◆ TASK ◆
The whole listing needs retyping exactly; keep the pictures out of it.

◆ MATERIAL PROVIDED ◆

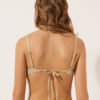 Push-up-bikinitopp Gold Waves Push-up-bikinitopp Gold Waves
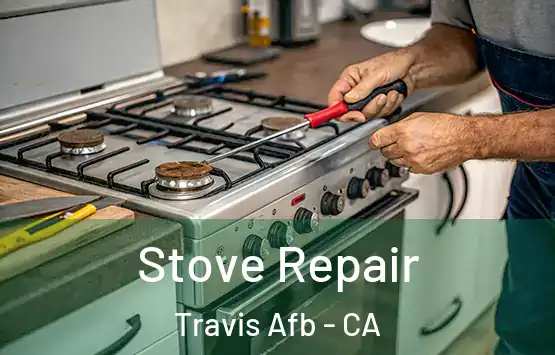  Stove Repair Travis Afb - CA
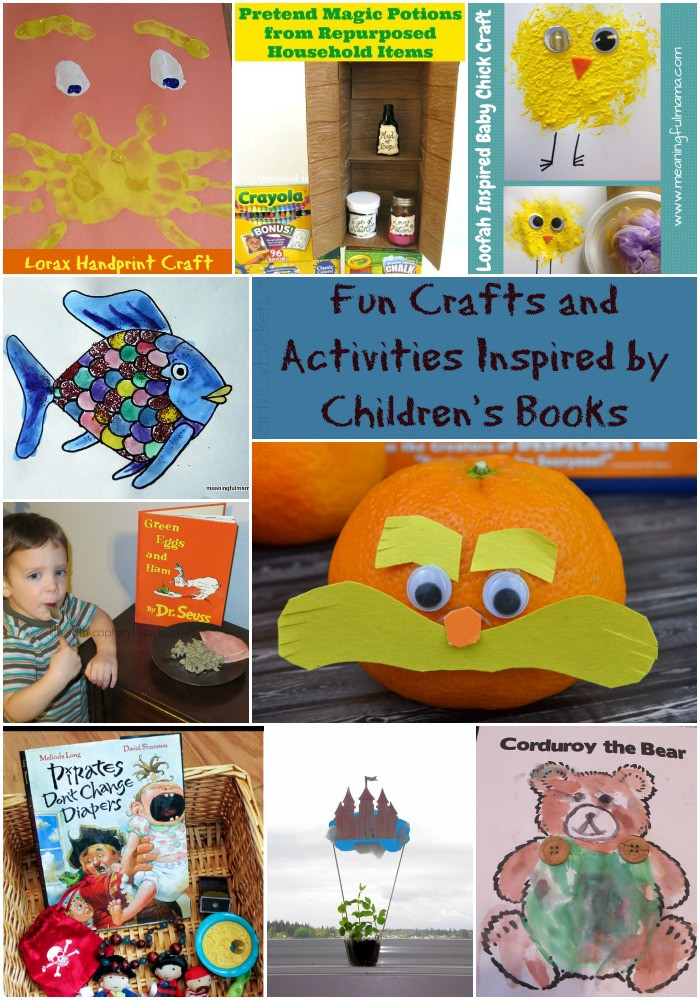 Craft Books For Kids
 Crafts and Activities Inspired by Our Favorite Children s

◆ EXERCISE ANSWER ◆
 Push-up-bikinitopp Gold Waves Push-up-bikinitopp Gold Waves
  Stove Repair Travis Afb - CA
 Craft Books For Kids
 Crafts and Activities Inspired by Our Favorite Children s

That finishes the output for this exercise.